In questo autunno che sta scuotendo come mai negli ultimi decenni il mondo intero, l’Africa è scossa da diversi movimenti in direzione ostinata e contraria a quelli che, negli ultimissimi anni, l’hanno invece portata a grandi cambiamenti e a processi democratici anche in Paesi dove sembrava fino a poco fa totalmente impensabile (l’ultimo, il Sudan).
Burkina Faso, Centrafrica, RDC, Zimbabwe, Algeria, Sudan, Mauritania, Gambia, Etiopia e altre nazioni hanno visto scosse telluriche di inclinazione al cambiamento, di insoddisfazione verso i precedenti regimi, e sebbene, nella maggior parte dei casi, a queste scosse non sia conseguita una vera e totale democratizzazione unita con un trasparente multipartitismo, in ogni caso esse hanno sempre portato a novità positive e comunque a una maggiore pluralità in zone dove essa sembrava impensabile.

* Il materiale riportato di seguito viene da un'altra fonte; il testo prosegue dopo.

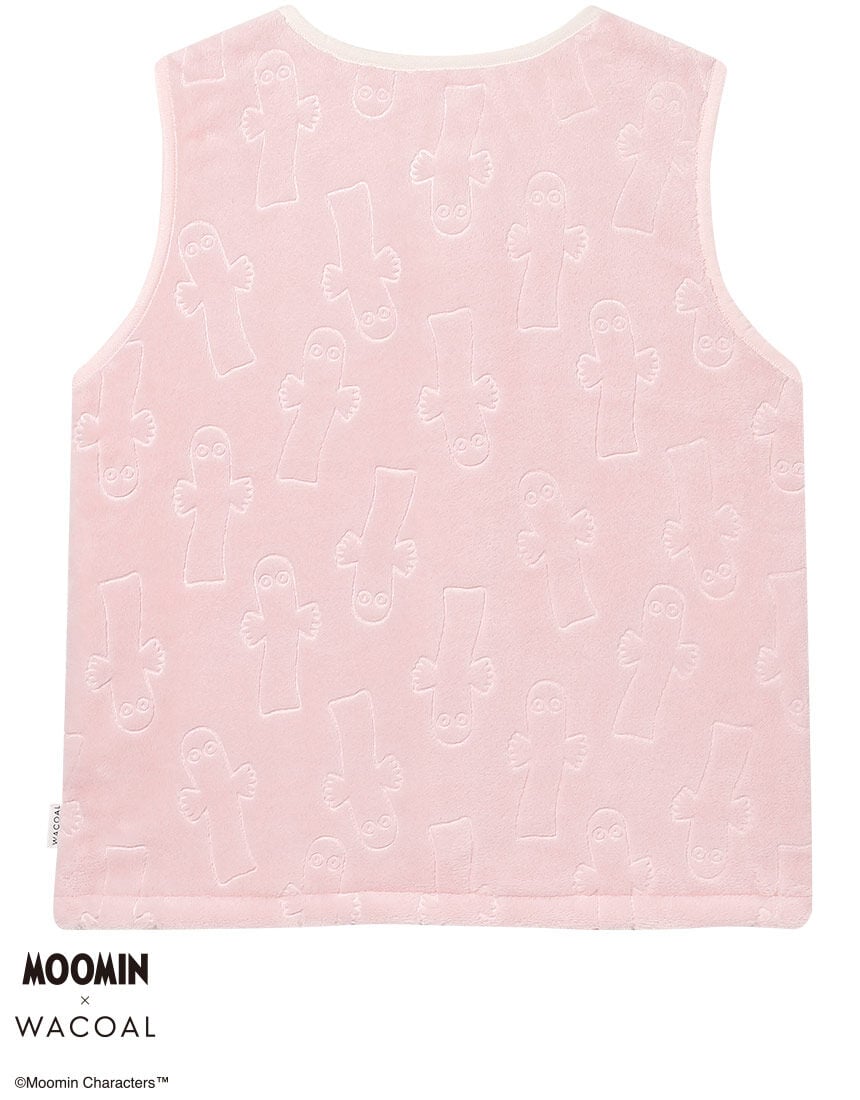 男女児兼用ベスト, , hi-res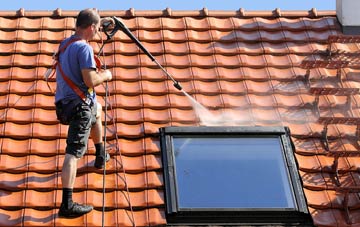 roof cleaning Whitnash, Warwickshire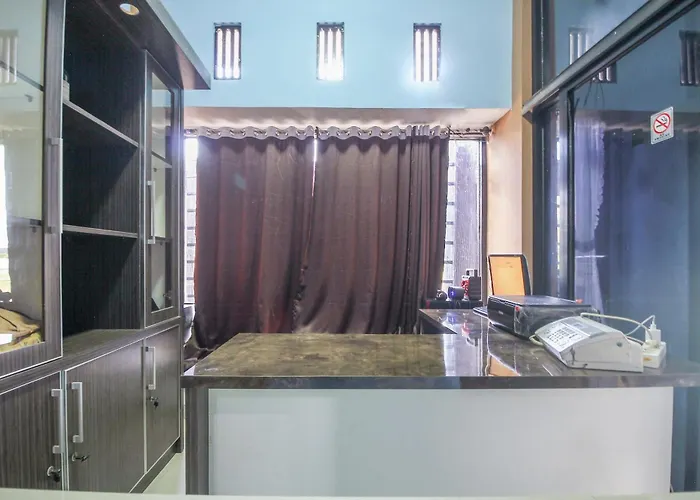 Oyo 3399 Gea Guest House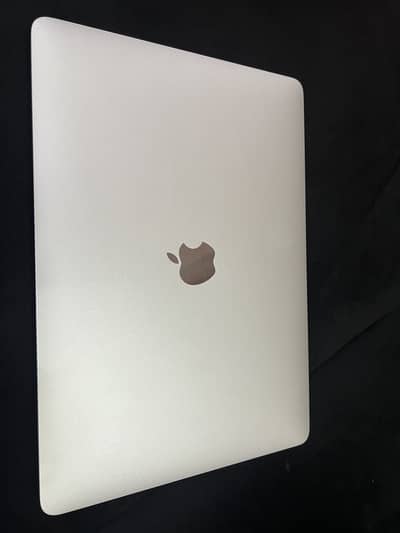 Mac book 2019 air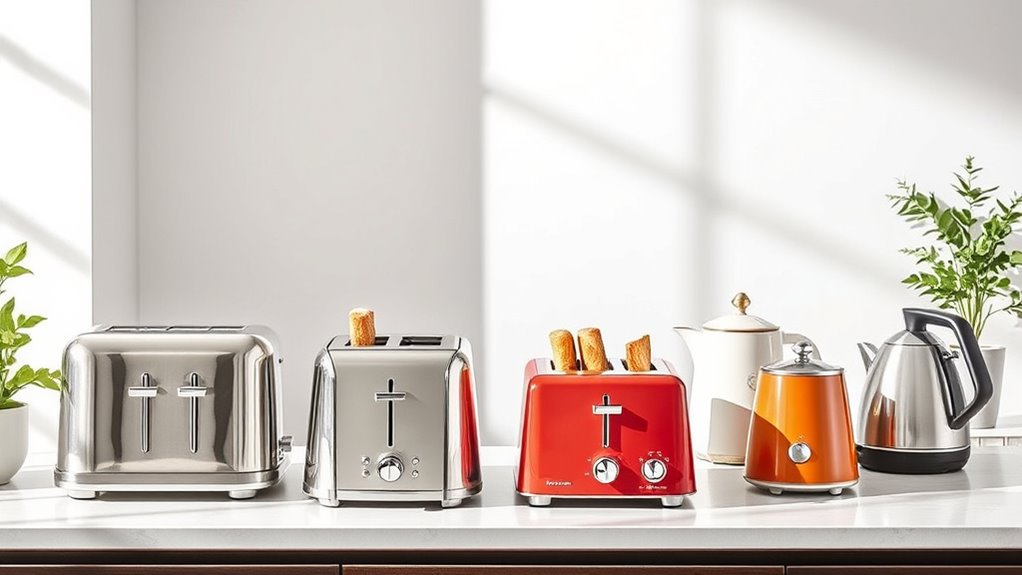 top brands for breakfast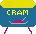 [3897d8] Cram Man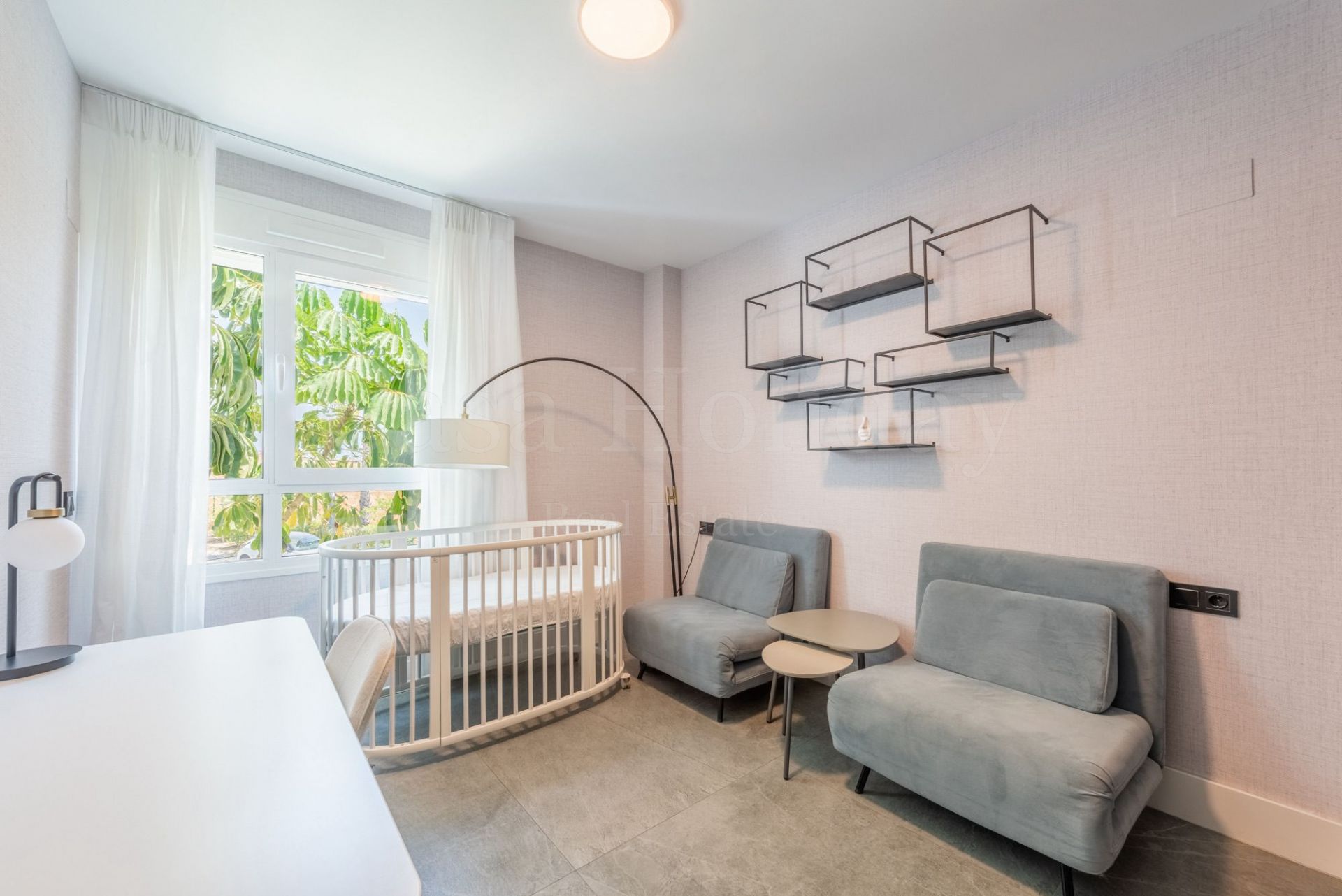 Atico Duplex en La Quinta, Benahavis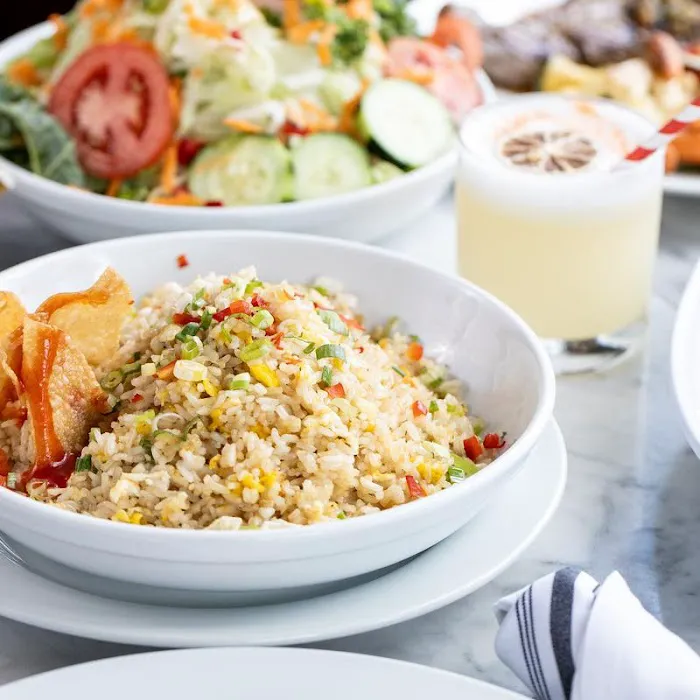 Llama Lips Restaurant Pure Peruvian Home Cooking Picture 8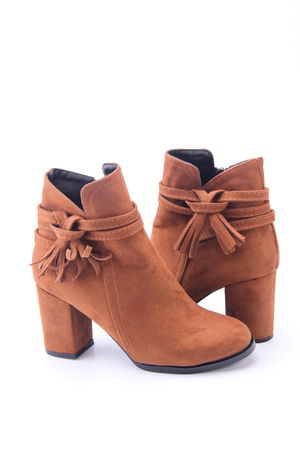 Taba Women Boots 2945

Ci sono però eccezioni. E queste eccezioni, in questi tempi, si stanno facendo sentire. Sia in Paesi di vecchie dittature, di cui non riescono a liberarsi (come Ciad, Uganda, Congo e Camerun),- magari con l’ausilio più o meno indiretto di qualche potenza straniera, anche Occidentale – sia in Paesi che sembravano invece più inclini al pluralismo e al rispetto delle regole democratiche minime.

E questi sono i casi di Guinea, Tanzania e, prossimamente, con ogni probabilità, della Costa d’Avorio, nella tornata elettorale che già si è tenuta ma di cui ancora non sono stati resi noti i risultati.  Gli elementi-base di questi eventi sono sempre gli stessi: democrazie fragili e Capi di Stato ammalati di potere eterno o, comunque, il più lungo possibile.

GUINEA

 

In Guinea il Presidente in carica Alpha Condé è stato rieletto per la terza volta.

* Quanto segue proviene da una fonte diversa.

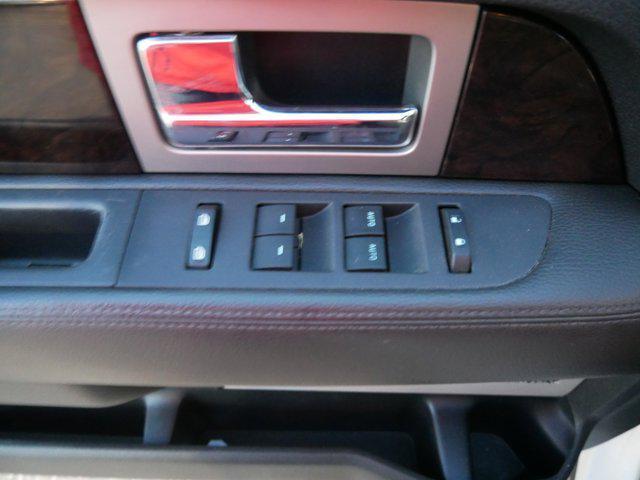 used 2014 Ford F-150 car, priced at $16,497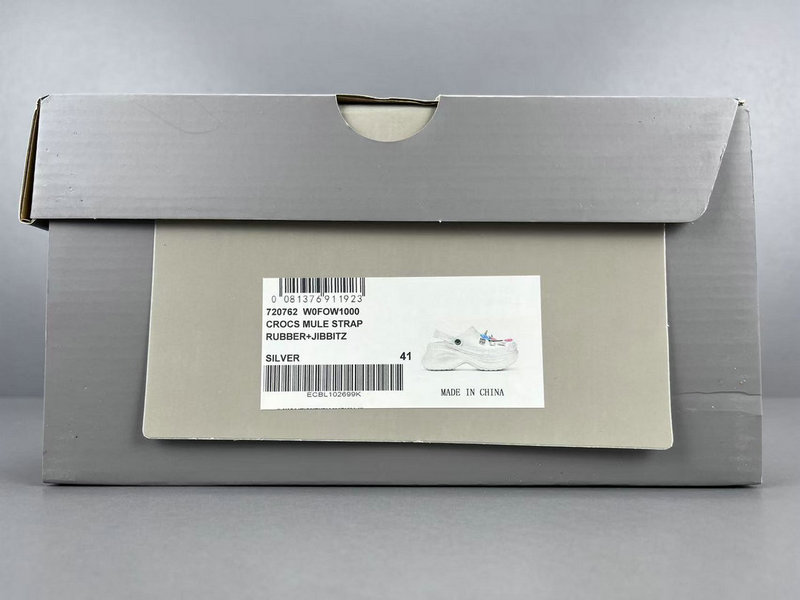 Balenciaga & Crocs Slides(EU35-45)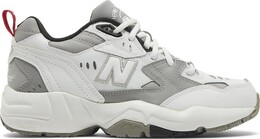 Кроссовки New Balance Wmns 608 'Team Away Grey', серый wx608rg1 | grey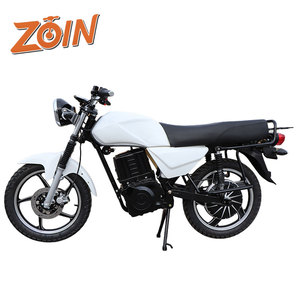 Motocicleta Eléctrica Todoterreno de Alta Velocidad ZOIN <span class=keywords><strong>BH</strong></span> para Adultos, 72v 2000W, Batería de Litio, Motocicleta Deportiva, Carga Máxima de 200 kg - Product Image 3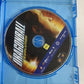 Dragonball Evolution (Blu-ray,2009, 2-Disc) Justin Chatwin, Chow Yun-Fat RegionB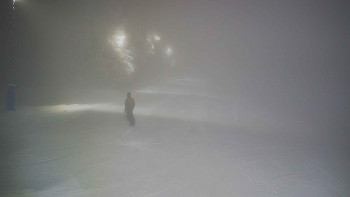 Ski areál Mezihoří Chomutov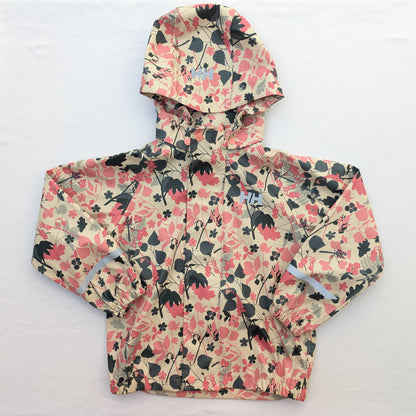 Helly Hansen rain jacket - 5 yrs / 110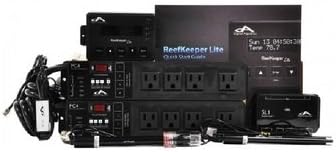 ReefKeeper Lite Plus Controller - Digital Aquatics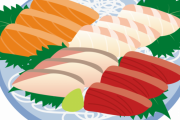 毎日魚の刺身食ってるんだけど何か害とかあったりするのか？？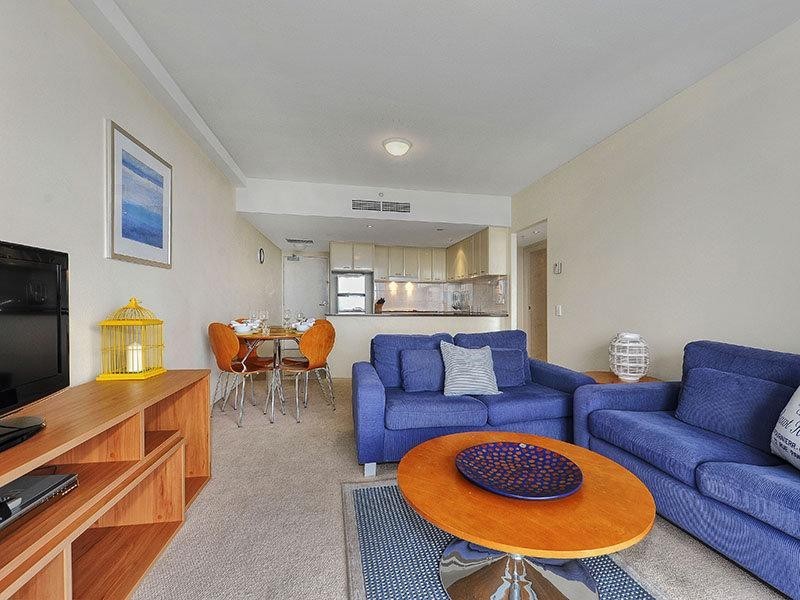 321 Main street, Kangaroo Point QLD 4169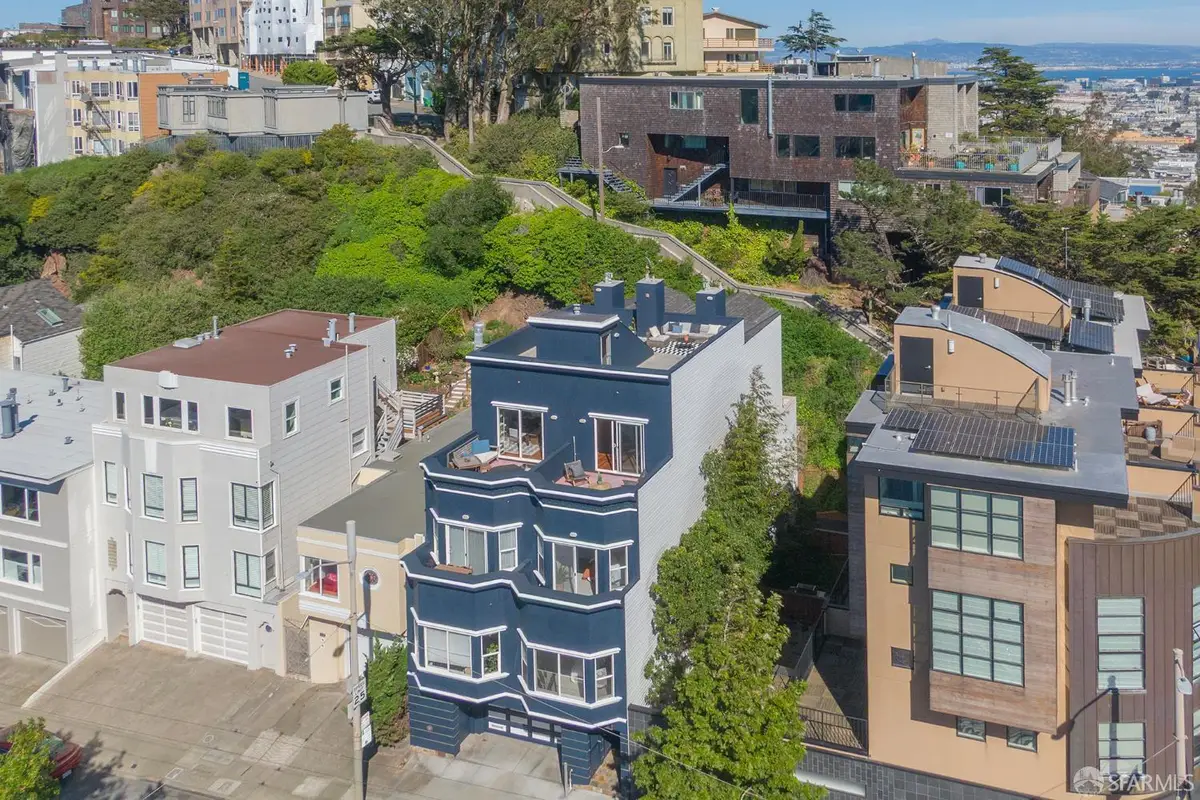 1180 Clayton Street, San Francisco, CA 94117 - #1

Non doveva accadere, ma Condé si è ricandidato per un terzo mandato; e ciò, con la classica modalità del “referendum-fake” per legittimare il superamento del limite dei due mandati, che è in vigore in molti Paesi africani ma che spesso si trova un modo di non rispettare. Ma non è accaduto solo questo.

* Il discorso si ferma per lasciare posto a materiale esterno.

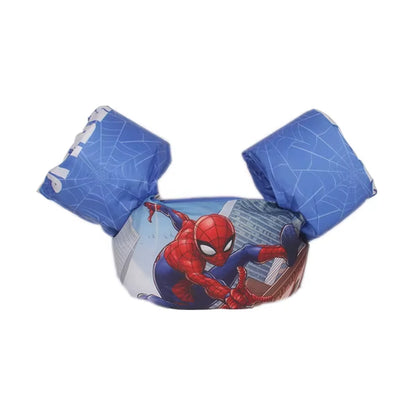 Kid Swimming Float Vest Baby Arm Sleeve Circle Swim Trainer Child Children Swimsuit Swimming Pool Accessories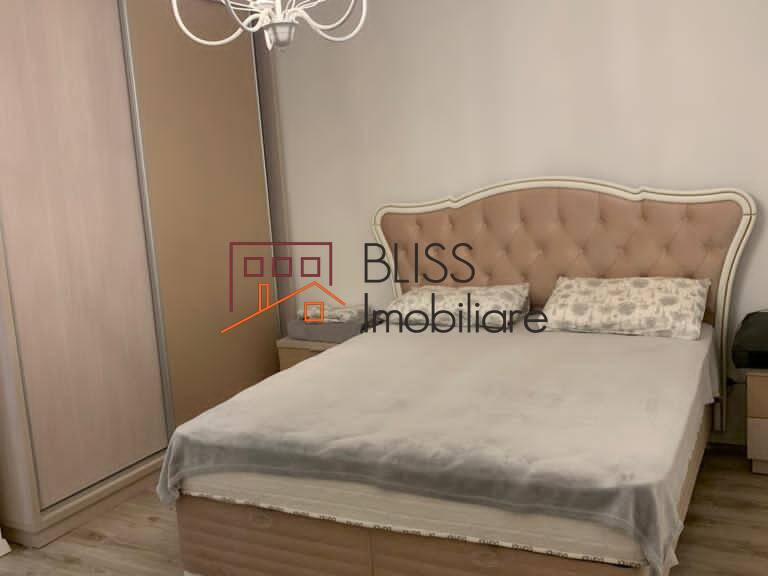 Vila Mobilata Cu 3 Dormitoare Si Gradina | Bliss Imobiliare / Photo 7 - BLISS Imobiliare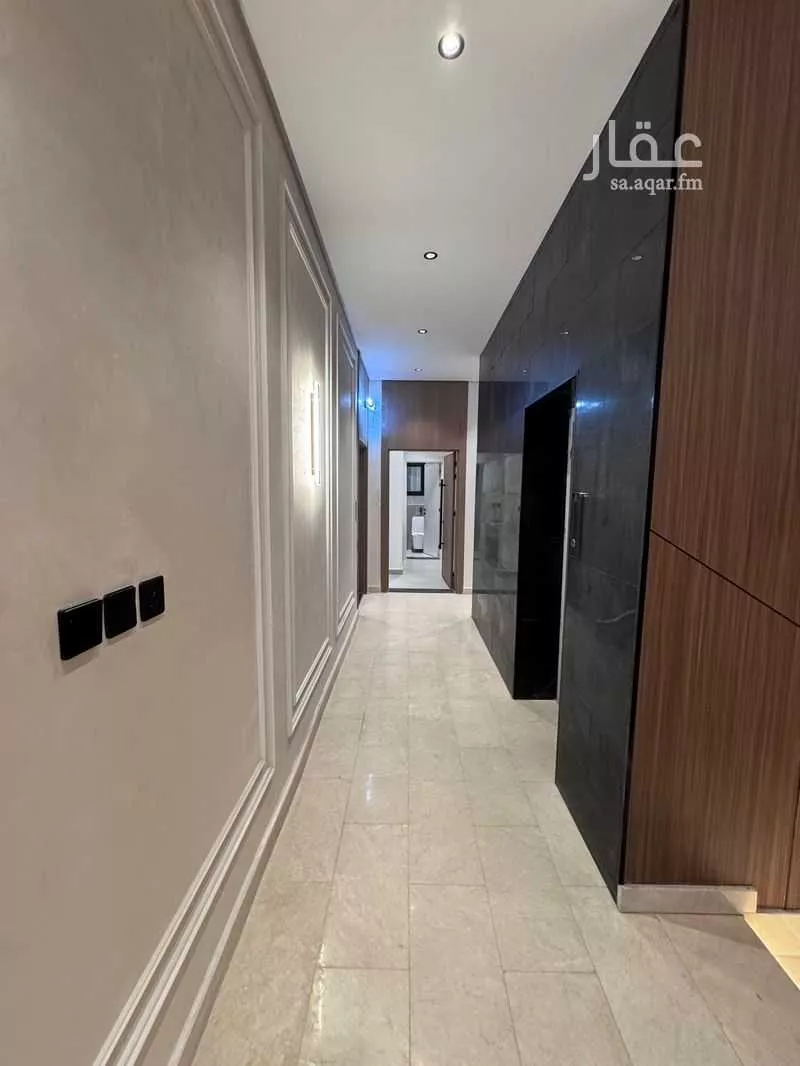 4 bedroom apartment in Al Naeem 8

Dopo decenni di dittatura (intervallata da momenti di democrazia nonché da altri falsi referendum per lasciare al potere il leader in carica, tradizione antica), nel 2008, la Guinea ha subito un colpo di Stato militare. La giunta, oggetto di minacce da membri militari e civili del Paese, tutti affamati della conquista del trono di Conakry, si è dimessa ben presto. Ne sono seguite, finalmente, elezioni democratiche in cui ha prevalso Alpha Condé, un antico nemico del precedente dittatore Lansana Conté e strenuo avversario dei suoi referendum-fake, leader dei socialdemocratici del Raggruppamento del Popolo Guineano. Condé ha ottenuto la presidenza sconfiggendo il rivale Cellou D. Diallo, battuto nuovamente nel 2015, complice la grande crescita economica di cui ha beneficiato la nazione affacciata sull’omonimo Golfo. Con il suo partito al potere, la Guinea ha vissuto una fase intermedia, in cui convivevano contemporaneamente multipartitismo, una relativa democrazia e un controllo serrato dei media e dei centri nevralgici del potere da parte di Condé. L’UE e l’Unione Africana hanno sempre considerato le elezioni del 2010 e del 2015 valide, sebbene caratterizzate da evidenti criticità.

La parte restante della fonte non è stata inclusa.